- [Work task] All lines from the top of the records below through the line holding "Brooks Ghost 15", and only those, should be printed exactly, minus the pictures.

- [The records]
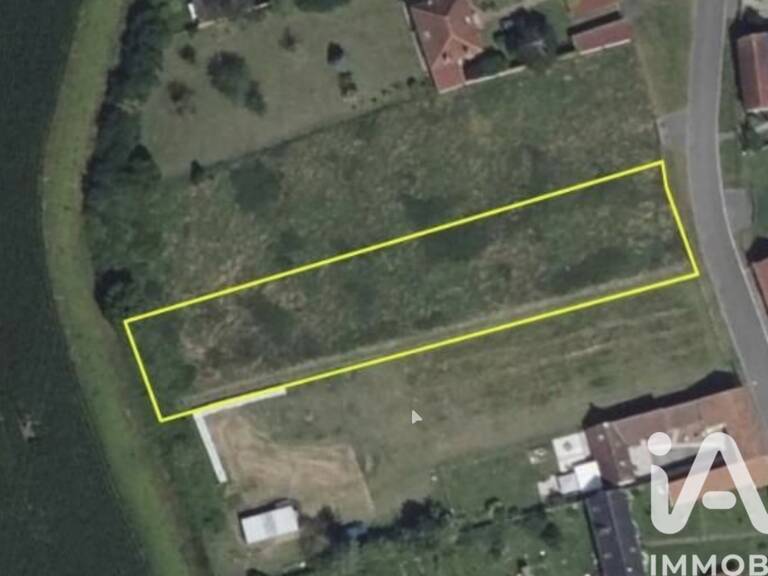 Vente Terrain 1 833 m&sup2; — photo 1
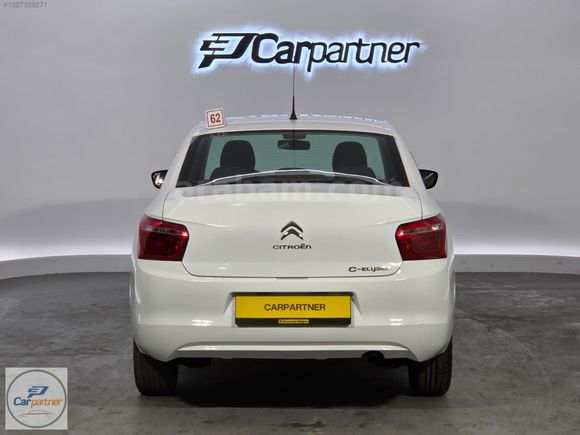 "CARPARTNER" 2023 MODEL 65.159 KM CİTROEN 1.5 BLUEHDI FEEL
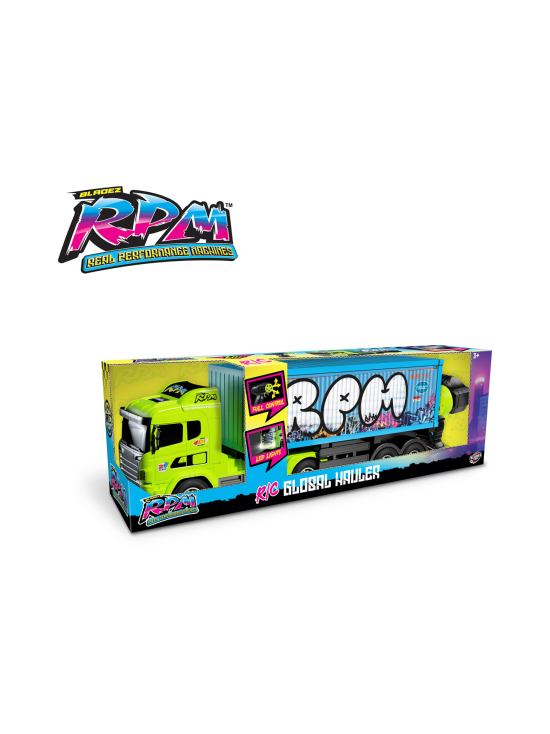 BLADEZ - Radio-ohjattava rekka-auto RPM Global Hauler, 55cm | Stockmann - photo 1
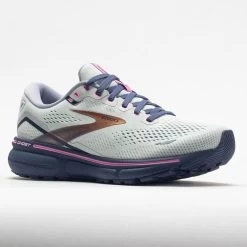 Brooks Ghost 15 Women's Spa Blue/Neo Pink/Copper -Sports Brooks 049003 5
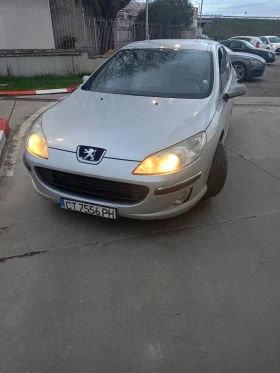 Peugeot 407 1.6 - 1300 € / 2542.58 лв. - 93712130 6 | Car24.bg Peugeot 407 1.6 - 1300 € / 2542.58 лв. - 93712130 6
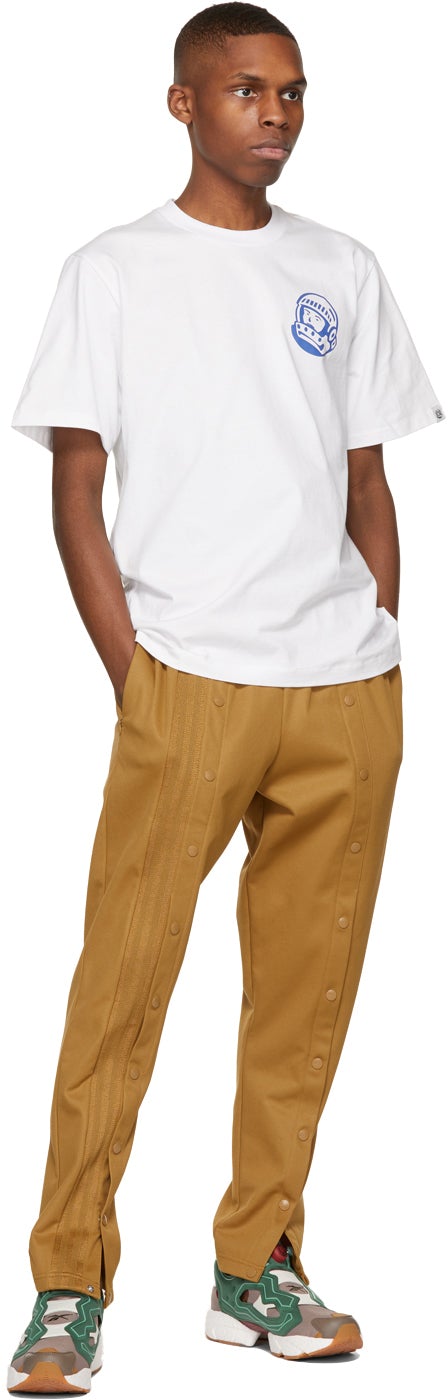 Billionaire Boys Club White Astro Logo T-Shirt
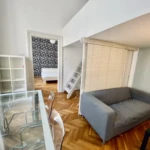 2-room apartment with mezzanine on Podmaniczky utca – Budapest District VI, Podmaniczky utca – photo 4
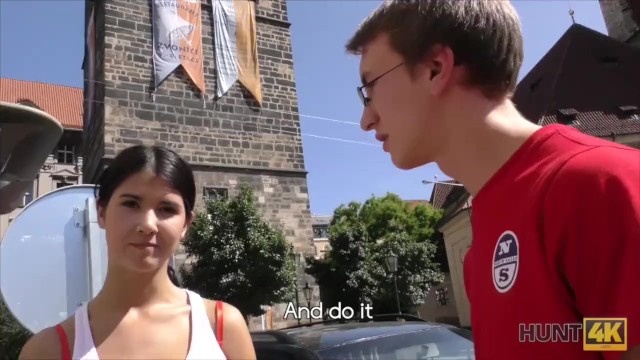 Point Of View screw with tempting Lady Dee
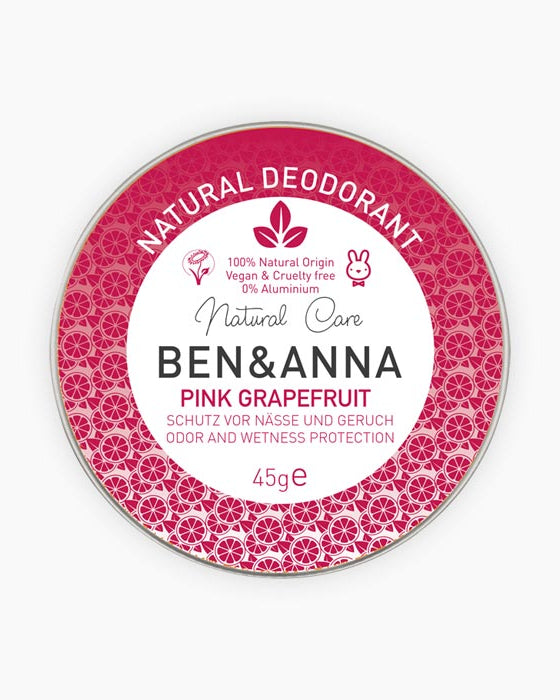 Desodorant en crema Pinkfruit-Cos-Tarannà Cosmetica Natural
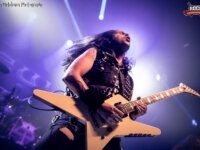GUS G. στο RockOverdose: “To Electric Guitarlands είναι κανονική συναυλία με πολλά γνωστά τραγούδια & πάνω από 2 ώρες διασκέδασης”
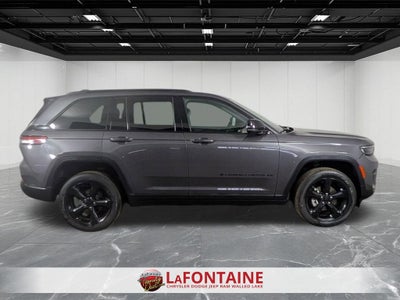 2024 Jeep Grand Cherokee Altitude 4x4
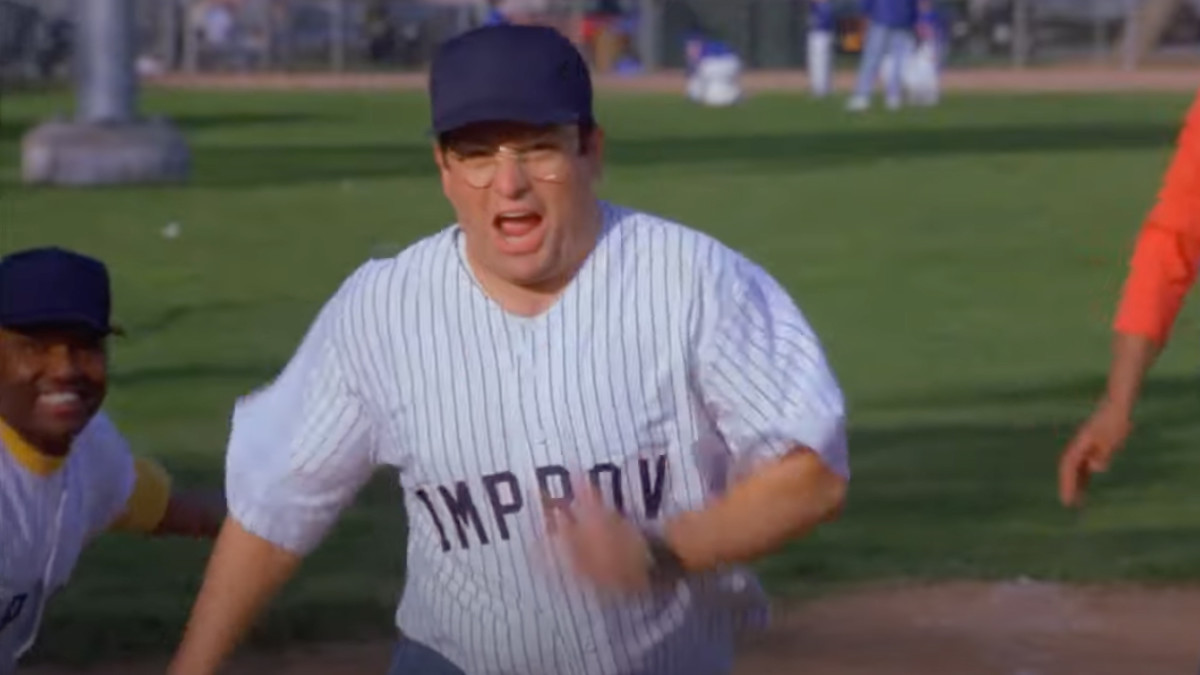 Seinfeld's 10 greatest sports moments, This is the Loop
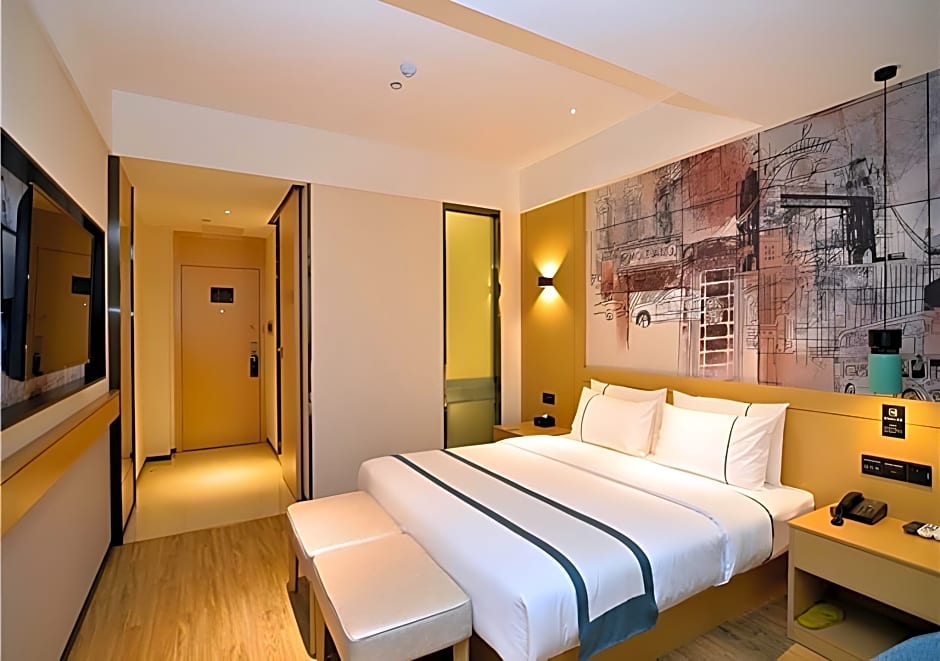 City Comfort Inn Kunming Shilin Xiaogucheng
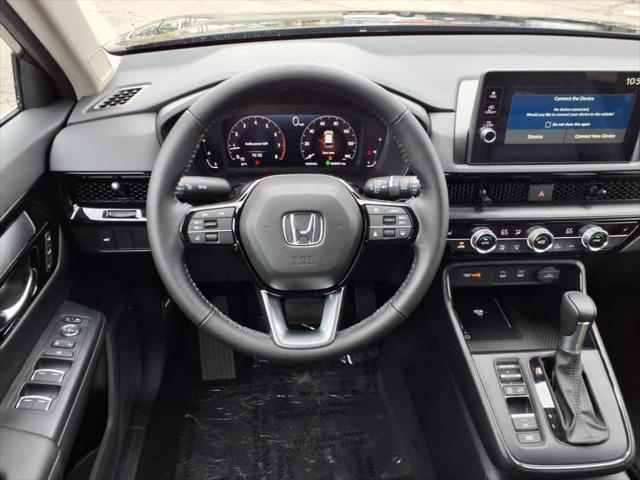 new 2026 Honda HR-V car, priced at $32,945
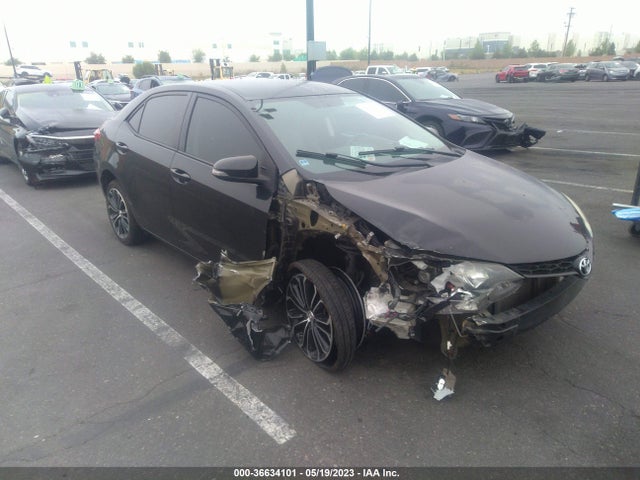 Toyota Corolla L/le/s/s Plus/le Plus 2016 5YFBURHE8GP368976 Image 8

- [Answer section]
 Vente Terrain 1 833 m&sup2; — photo 1
 "CARPARTNER" 2023 MODEL 65.159 KM CİTROEN 1.5 BLUEHDI FEEL
 BLADEZ - Radio-ohjattava rekka-auto RPM Global Hauler, 55cm | Stockmann - photo 1
 Brooks Ghost 15 Women's Spa Blue/Neo Pink/Copper -Sports Brooks 049003 5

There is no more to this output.